Due to the development of large language models (LLMs) and other technologies, which were not envisaged in the original proposal, a key strand of research has been in investigating mismatches in interactions with dialogue systems and generative AI. We are currently undertaking several data collections in this area including collecting dyads or individuals in a voice activated game and people discussing aesthetic assessments with a voice dialogue system. We have further conducted a number of experiments with the Furhat social robot, including on gaze and laughter coordination as reported in Giannitzi et al., 2025. We have also had access to a corpus of German data from German households interacting with a smart assistant (Alexa), in which we are studying cases of laughter in terms of how active a conversational participant the Alexa is taken to be. This work, including a fine-grained taxonomy for laughter since human-human taxonomies cannot capture all cases in our data, is currently in progress with Mathias Barthel in Mannheim.
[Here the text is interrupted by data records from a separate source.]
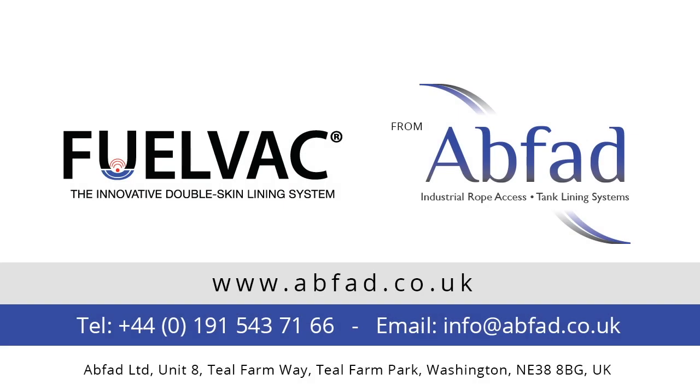ABVAD's FuelVac system: the simple and lasting solution.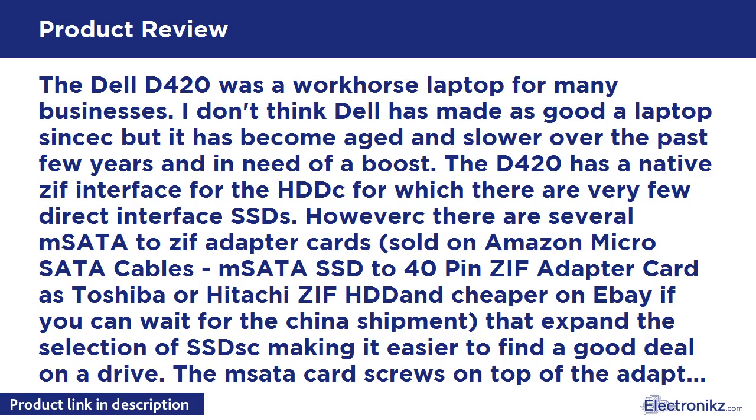Startup is 30-40% faster and overall performance is noticeably faster — the machine is quieter too. I would recommend installing the OS from scratch. I'm using Windows 7, ensuring you have the latest BIOS from Dell, A06, rather than a clone of your old hard drive.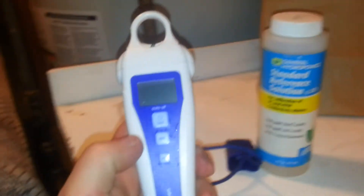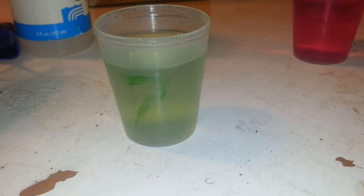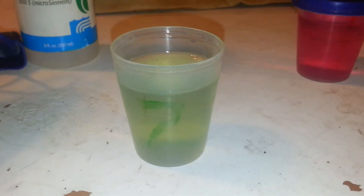With the Bluelab, what we know is if it dries, it dies, so you always have to keep it wet. And you always have to calibrate starting with the 7. You can't calibrate starting with the 4 and then go to the 7 — it'll always error.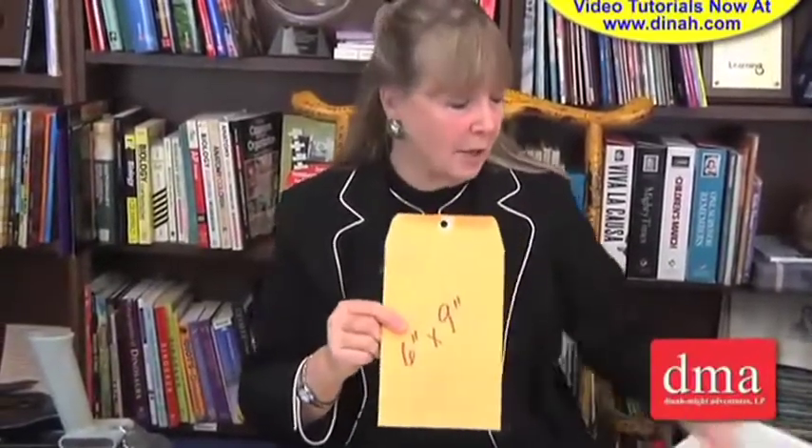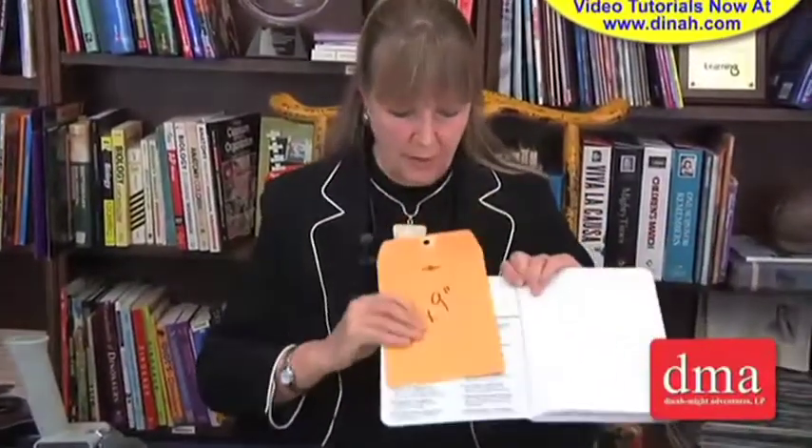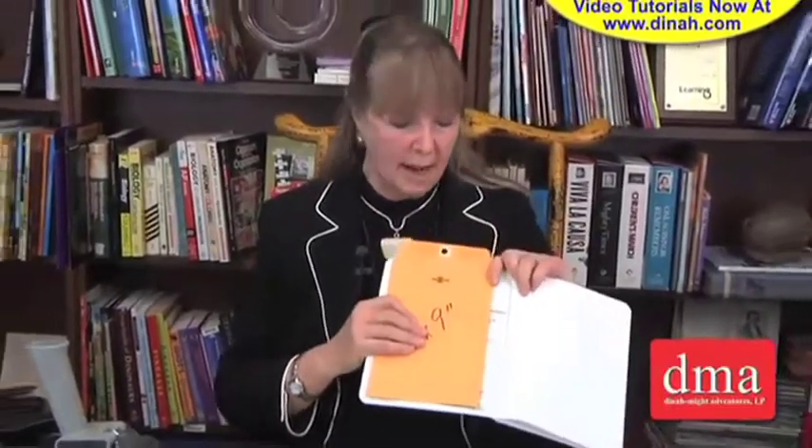This size envelope can be placed even to the front of a composition book like this. You could cut off the top, cut off the side, and use it to put half sheets or worksheets or things that could have also been placed to the back. So larger things can be placed inside these.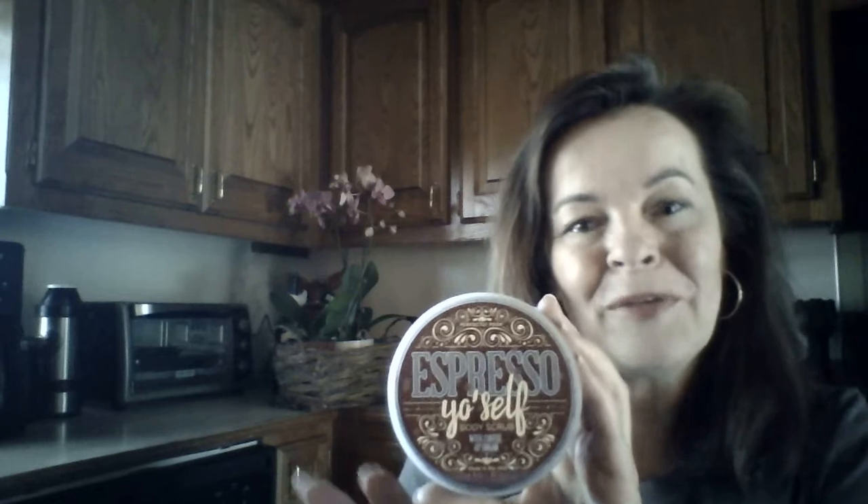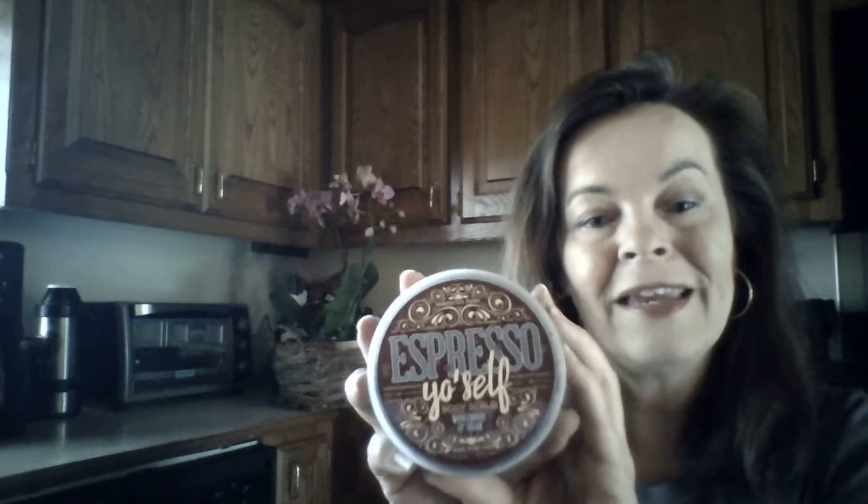Hi, it's Camille again. I was just doing a video on this wonderful new product called Espresso Yourself Body Scrub and I realized I need to let my customers know how to use this, because nobody ever really gives you instruction. I've been using body scrubs for several years now and I think I've really perfected a great method. So here's my trick.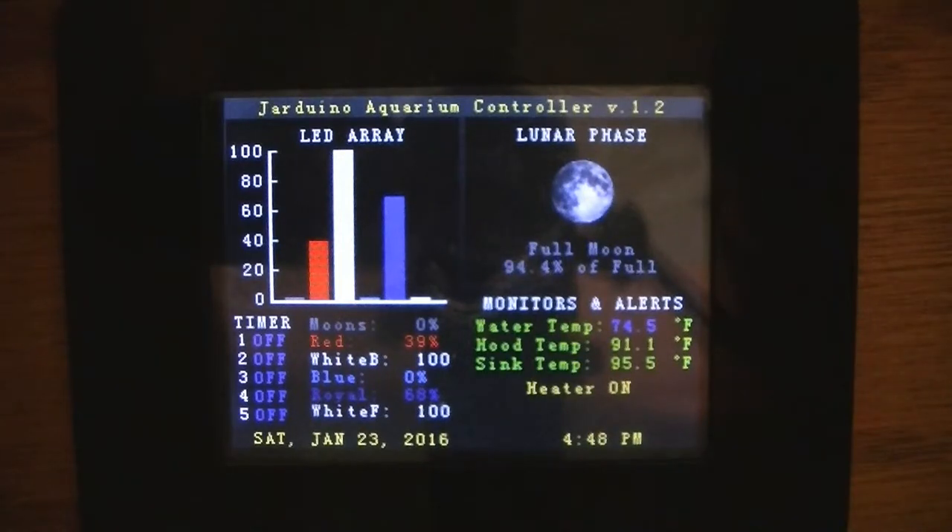Alright, so what's going on YouTube. I mentioned in one of my other videos that I was going to be doing some updates to the controller.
In terms of formal work, there is research along a number of dimensions. Work looking at how topoi (rules of thumb underpinning reasoning) operate in dialogue in general and in offensive humour in particular as a test case (Howes et al., 2025) is ongoing. We have further investigated topoi produced by children in collaboration with Claire Prendergast in Oslo, as reported in Howes et al., 2024, and in work currently under review, as well as a comparison of how these differ from responses given by adults and those given by an LLM, which are found not to reason in a human-like manner although they do seem to have access to the same topoi that the human respondents use. In work currently under review, we have also looked into LLM counterfactual explanations to show that there are differences in notions of actionability in LLMs but that these misalignments are primarily due to problems in language generation rather than inherent properties of the models. One of the PhD students in the project is further looking at impersonal pronouns in dialogue corpora, and the PI is guest editing a special issue of the journal Languages on Dynamic Syntax (one of the theoretical frameworks used in the project).
Full publications (including conference contributions) are detailed on http://www.christinehowes.com/research/divcon(odnośnik otworzy się w nowym oknie)
The project, which has been interdisciplinary from the outset, is therefore also now encompassing new areas of research in human-robot interaction (HRI), including consideration of the ethical aspects (as presented in Lagerstedt, E. & Howes, C (2024). I robot, you Jane? Ethics in the age of social robots. In Unfolding Ethics in Research and Society: Beyond Ethical Principles and Guidelines; WASP-HS Workshop in conjunction with the conference AI for Humanity and Society.
Preliminary results suggest that the incremental mismatch driven model of dialogue can better explain both grounded dialogue data and abstract linguistic puzzles. The early results offer evidence that large language models, as they are currently designed, will never be able to have the flexibility of human-human dialogue, and the project thus has far reaching consequences for the development of conversational AI systems.